Oily sludge is from the landing sludge of a treatment plant in Liaohe Oilfield, China. All reagents used in this work were of analytical grade, and all solutions were prepared with double-deionized water. NaOH was purchased from Sinopharm Chemical Reagent Co., Shanghai, China. TCH was acquired from Shanghai yuanye Bio-Technology Co., Ltd., Shanghai, China. HCl was purchased from Chengdu Chron Chemicals Co., LTD., Chengdu, China. The surface morphology of activated carbon that has been coated with gold was examined using scanning electron microscopy (SEM, Tescan MIRA LMS, Brno, Czech Republic). An X-ray diffractometer (XRD, SmartLab SE, Tokyo, Japan) was used to investigate the crystal structure using Cu-K rays at 40 kV and 40 mA. With the help of a Fourier Transform Infrared Spectrometer (FTIR; Thermo Scientific Nicolet 6700, Waltham, MA, USA), surface functional group alterations were examined.
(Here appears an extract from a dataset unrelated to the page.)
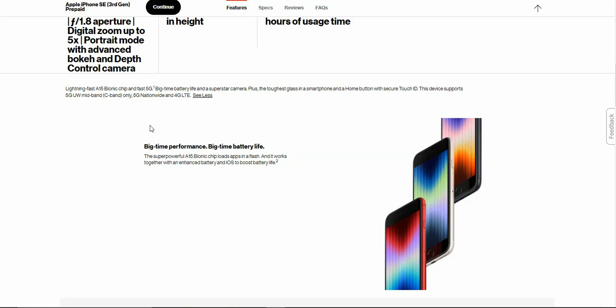This device supports 5G ultra wideband, mid band which supports C band, 5G nationwide, and 4G LTE. So you will get C band on this iPhone for Verizon, so that's pretty good.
Samples were compressed using the KBr technique, and the scanning wavelengths ranged from 400 to 500 cm⁻¹. A fully automated specific surface and porosity analyzer (BET, Micromeritics ASAP 2460, Freeport, IL, USA) was used to calculate the activated carbon’s specific surface area and pore size distribution.

3.3. Adsorption Experiments

3.3.1. Adsorption Influence Factor Experiment

In total, 100 mL of a particular concentration of TCH solution was added to a conical flask containing 100 mg of OSAC-KOH, and the mixture was agitated for 8 h at 25 °C at 200 rpm. The starting concentration of TCH, c₀ (50–550 mg/L), the solution pH (3–11), adsorption period t (0–960 min), adsorption temperature T (25–45 °C), and all of these variables were under control. Following filtration via a 0.45 nm membrane, the TCH concentration was measured using liquid chromatography, and Equation (8) was used to determine the equilibrium adsorption.
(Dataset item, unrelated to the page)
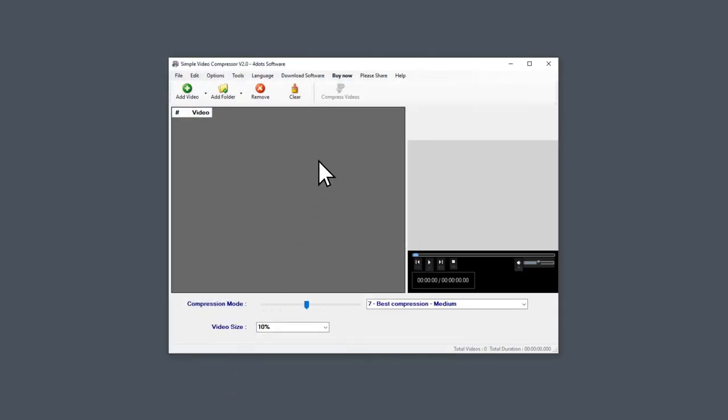Hi! In this video, I will show you how to compress videos using Simple Video Compressor.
$$q_e=\frac{({\mathrm{c}}_{\mathrm{o}}-{\mathrm{c}}_{\mathrm{e}})\times \mathrm{V}}{\mathrm{m}}$$

(8)

3.3.2. Adsorption Kinetic Experiments

In total, 100 mg of OSAC and 100 mg of OSAC-KOH were weighed into separate glass vials, along with 100 mL of TCH solution with a c₀ of 150 mg/L. The solution’s pH was then changed to 4.0 and agitated at 200 revolutions per minute for 8 h at 25 °C. Following the passage of the samples through a 0.45 m filter membrane, samples were obtained at the predetermined time.
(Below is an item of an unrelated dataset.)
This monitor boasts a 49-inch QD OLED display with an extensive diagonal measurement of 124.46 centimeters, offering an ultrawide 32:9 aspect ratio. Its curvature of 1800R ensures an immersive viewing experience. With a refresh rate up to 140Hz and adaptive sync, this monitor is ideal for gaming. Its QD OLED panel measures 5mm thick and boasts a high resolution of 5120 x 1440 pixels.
3.3.3. Isothermal Adsorption Experiment

In total, 100 mg of OSAC and 100 mg of OSAC-KOH were added into separate glass vials. In total, 100 mL of TCH solution with a c₀ of 50–200 mg/L was added. The samples were stirred for 8 h at a rate of 200 rpm per minute at 25, 35, and 45 °C to ascertain the TCH concentration. Each of the above experiments was carried out three times.

4. Conclusions

OSAC-KOH produced from oily sludge demonstrated effective TCH adsorption. OSAC-KOH should be prepared under ideal conditions: an activation temperature of 400 °C, activation period of 0.5 h, activator concentration of 1 mol/L, and impregnation ratio of 2 mL/g. The KOH-activated OSAC-KOH micropores were created with more pores, a more complex pore structure, an ordered crystal structure, a more extensive specific surface area, and surfaces that were rich in functional groups, including -HO, -C-O, -C=C, and -C-H. The performance of OSAC-KOH during adsorption was affected by the pH of the solution, starting concentration, adsorption time, and adsorption temperature, with pH having the most significant impact. The maximal adsorption capacity of the monolayer is 105.1 mg·g⁻¹, and the adsorption process is a heat-absorption response consistent with the Langmuir isothermal model and the quasi-secondary kinetic model. The monolayer’s highest adsorption capacity was 105.1 mg·g⁻¹. The adsorption mechanisms are mainly electrostatic, hydrogen bonding, and π-π interactions.

In our future research, we will study the zeta potential of pH and the adsorption mechanism versus pH.